I think what he is getting at is 'upgrading' our standard lisense to lifetime. I'm going to upgrade as soon as i can!!!!!


----------



## Shipwreck (Jan 26, 2006)

A few years ago, someone in TX was trying to push a "lifetime" driver's license - yet, it really didn't last your lifetime. It fizzled away, though.
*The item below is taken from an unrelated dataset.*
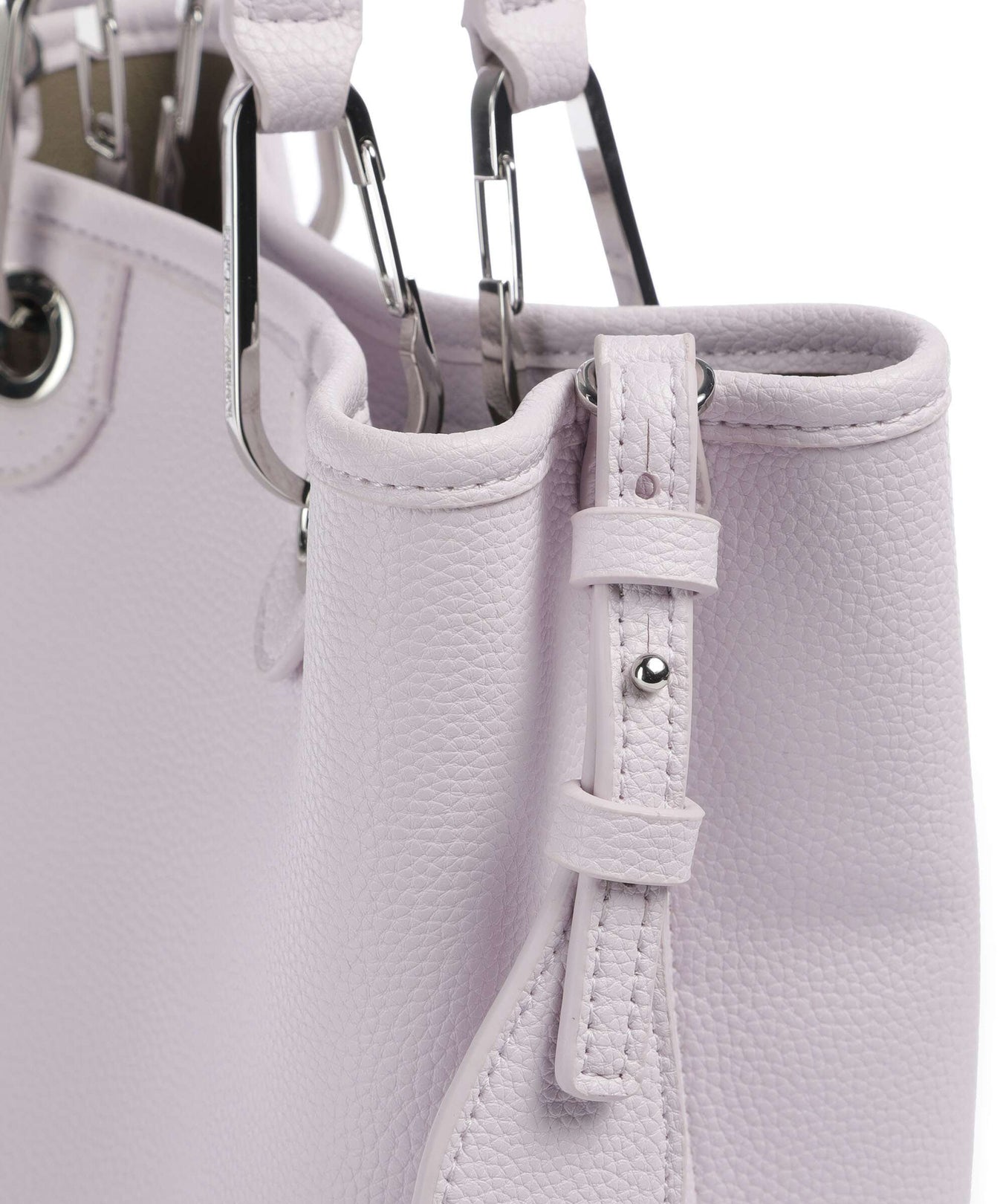 Emporio Armani My EA Handbag baby pink/terra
If it is "lifetime," then it should be the rest of your life....


----------



## jwkimber45 (May 6, 2006)

Yeah, we'll see how it goes.

I'm much more interested in a national recipocy (sp) than any one state issuing 'lifetime' lisenses.....


----------



## blackice (May 11, 2006)

What would be even better and a Federal Carry Permit..... Free from restrictions!!!!..... Carry where you please..... Cost more... More training classes...... but I think it would be worth it!! :shock:


----------



## scooter (May 9, 2006)

blackice said:


> What would be even better and a Federal Carry Permit..... Free from restrictions!!!!..... Carry where you please..... Cost more... More training classes...... but I think it would be worth it!! :shock:


NO,no,no,no,no, then the next clintonite elected will have the power to ban ALL concealed carry,leave it to the states but do the mandatory recip. agreement. :roll:


----------



## A_J (May 22, 2006)

+1

Keep the power with the states, but streamline reciprocity-


----------



## Hal8000 (May 8, 2006)

I find it difficult to willingly turn a "right" into a "privilege", State wise or Federal.

"A well regulated Militia, being necessary to the security of a free State, the right of the people to keep and bear Arms, shall not be infringed."

Now where in there does it say that it has to be exposed? :roll:


----------